| Work request |
Among the entries below, only the lines from the one with "Don't Touch Her, Hubby—Your" through the one with "Claims Discovered Before" are to be retyped, exactly and without pictures.

| Material provided |

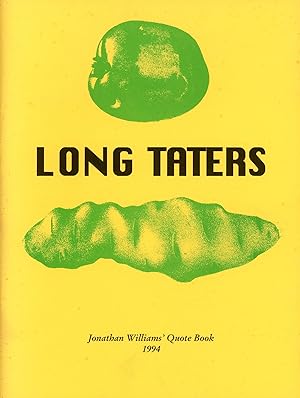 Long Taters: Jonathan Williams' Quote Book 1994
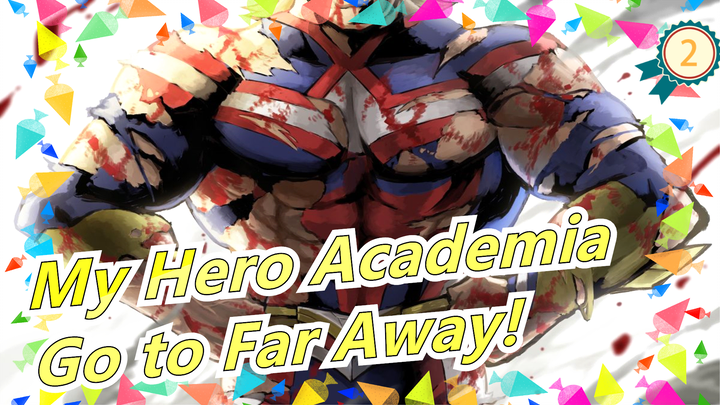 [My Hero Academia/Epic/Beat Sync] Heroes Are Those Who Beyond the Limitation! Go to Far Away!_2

--

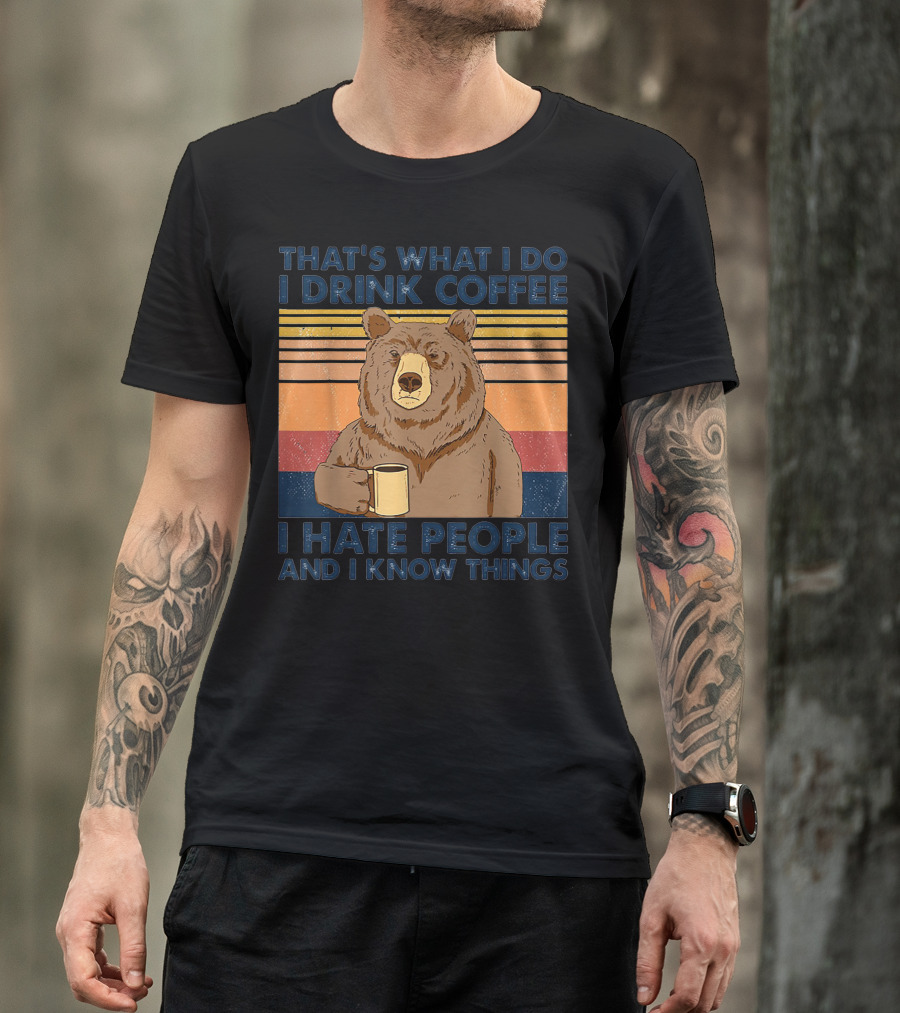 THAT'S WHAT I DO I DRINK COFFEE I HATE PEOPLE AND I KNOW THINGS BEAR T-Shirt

--

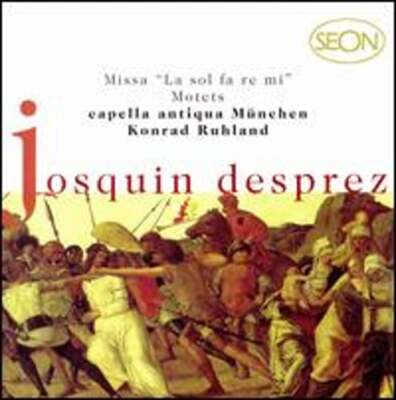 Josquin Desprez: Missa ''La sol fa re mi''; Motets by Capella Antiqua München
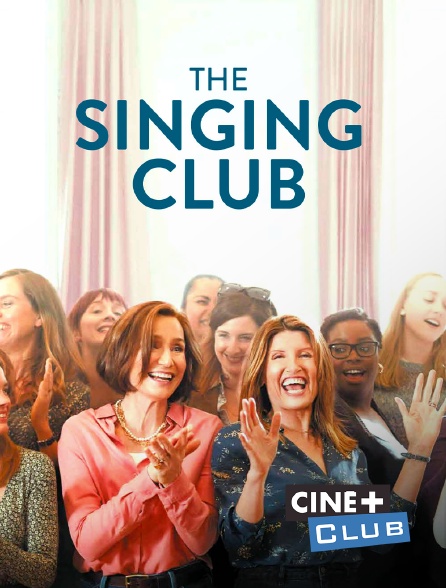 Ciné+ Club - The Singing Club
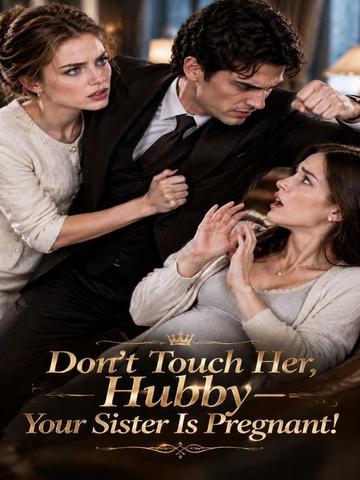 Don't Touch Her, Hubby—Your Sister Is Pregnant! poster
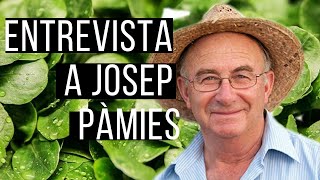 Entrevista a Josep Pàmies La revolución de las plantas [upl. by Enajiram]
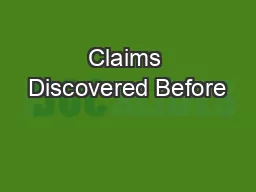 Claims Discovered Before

| Completed exercise |
 Don't Touch Her, Hubby—Your Sister Is Pregnant! poster
 Entrevista a Josep Pàmies La revolución de las plantas [upl. by Enajiram]
 Claims Discovered Before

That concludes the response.